-- The data follows --
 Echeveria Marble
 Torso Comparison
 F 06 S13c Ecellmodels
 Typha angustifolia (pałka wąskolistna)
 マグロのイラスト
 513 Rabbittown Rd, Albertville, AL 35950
-- The data concluded --
-- The data follows --
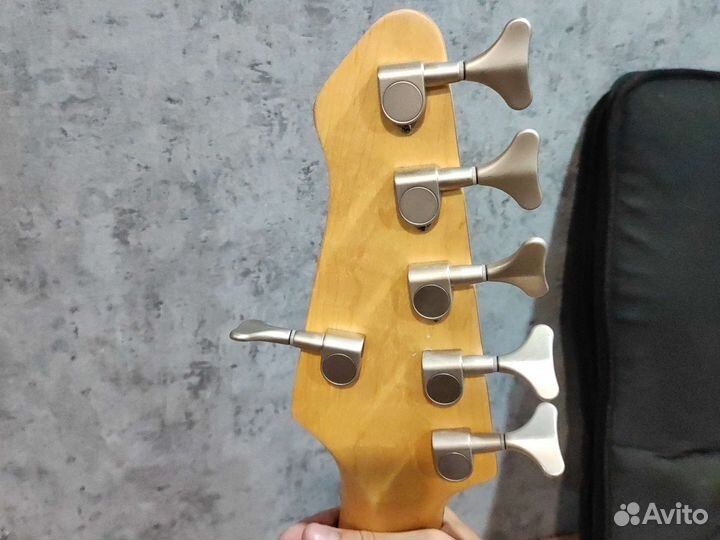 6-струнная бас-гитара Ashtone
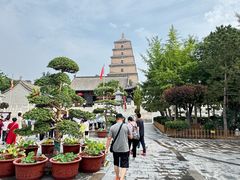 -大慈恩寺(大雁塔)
-- The data concluded --
Your objective – All that belongs in the answer is the run of lines above from the line containing "Echeveria Marble" through the line containing "513 Rabbittown Rd, Albertville, AL 35950", exactly as written.

Result of the task –
 Echeveria Marble
 Torso Comparison
 F 06 S13c Ecellmodels
 Typha angustifolia (pałka wąskolistna)
 マグロのイラスト
 513 Rabbittown Rd, Albertville, AL 35950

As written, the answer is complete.